Each hop displays three round-trip time values in milliseconds, one for each probe packet sent. Three measurements allow you to spot inconsistency — a single outlier suggests a momentary delay, while consistently high values indicate genuine latency at that hop.
Why do some hops show asterisks?
An asterisk means no response arrived within the timeout. The router at that hop likely drops ICMP Time Exceeded messages as a policy decision. This does not mean the hop is broken — subsequent hops often respond normally. Only worry if asterisks appear continuously from one hop all the way to the destination.
What is the difference between traceroute and ping?
Ping tests reachability to a single host and measures round-trip time. Traceroute maps every intermediate router on the path. Use ping for a quick check; use traceroute when you need to identify which part of the network path is causing a problem.

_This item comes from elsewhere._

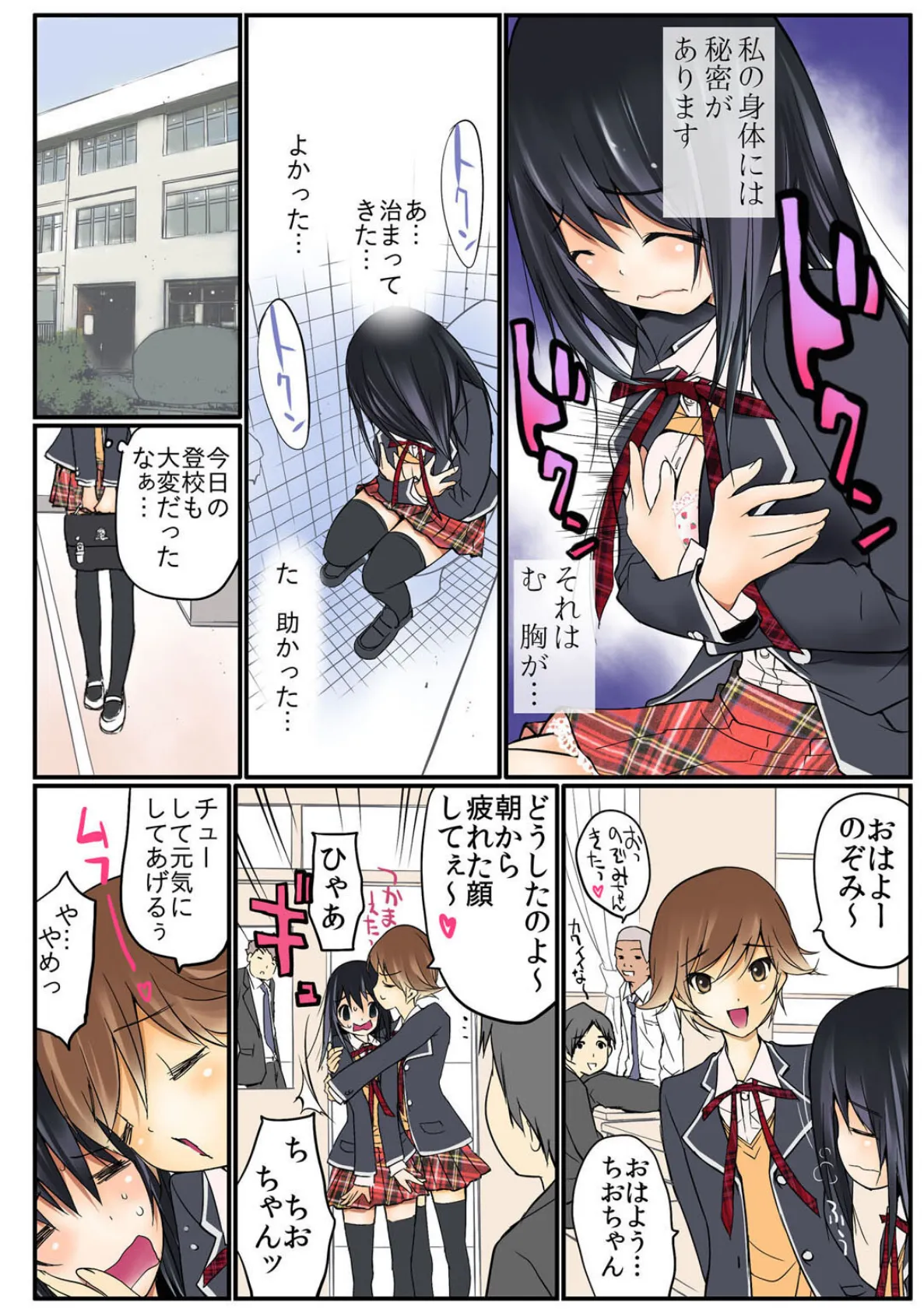 巨乳お姉さんに埋もれたい!〜むっちりおっぱい揉み放題〜 10ページ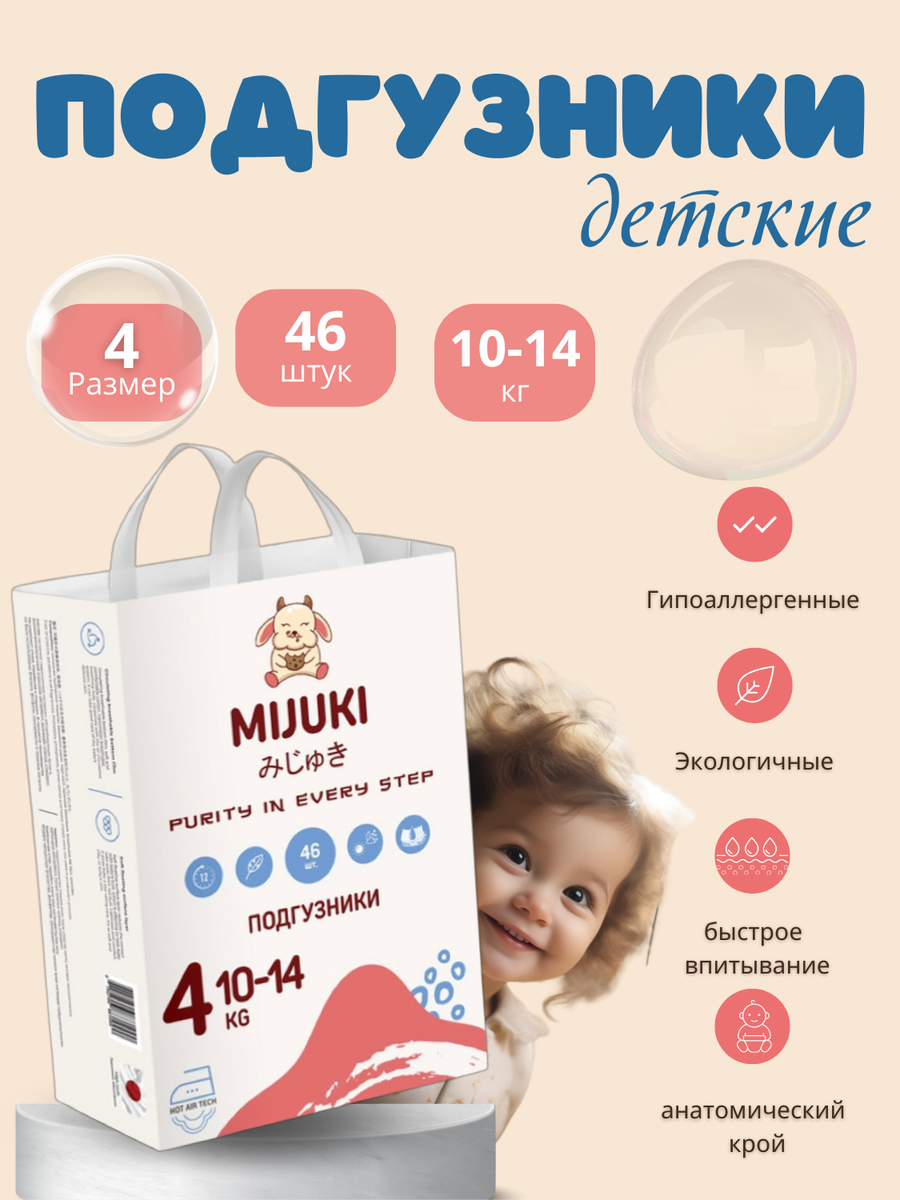 Бренд детских подгузников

What does it mean if latency suddenly jumps at one hop?
A sudden jump may indicate rate-limited ICMP responses at that router (the router is deprioritizing ICMP replies relative to normal traffic) or a genuinely slow link between that hop and the previous one. If latency stays high for all subsequent hops, the slow link is real. If subsequent hops return to lower latency, it was an ICMP artifact.
What is mtr?
mtr (Matt's Traceroute) combines traceroute and ping into a continuously updating display. It probes each hop repeatedly and reports packet loss percentage and average round-trip time per hop over time. This makes it the best tool for diagnosing intermittent packet loss or jitter, which a single traceroute run cannot reliably detect.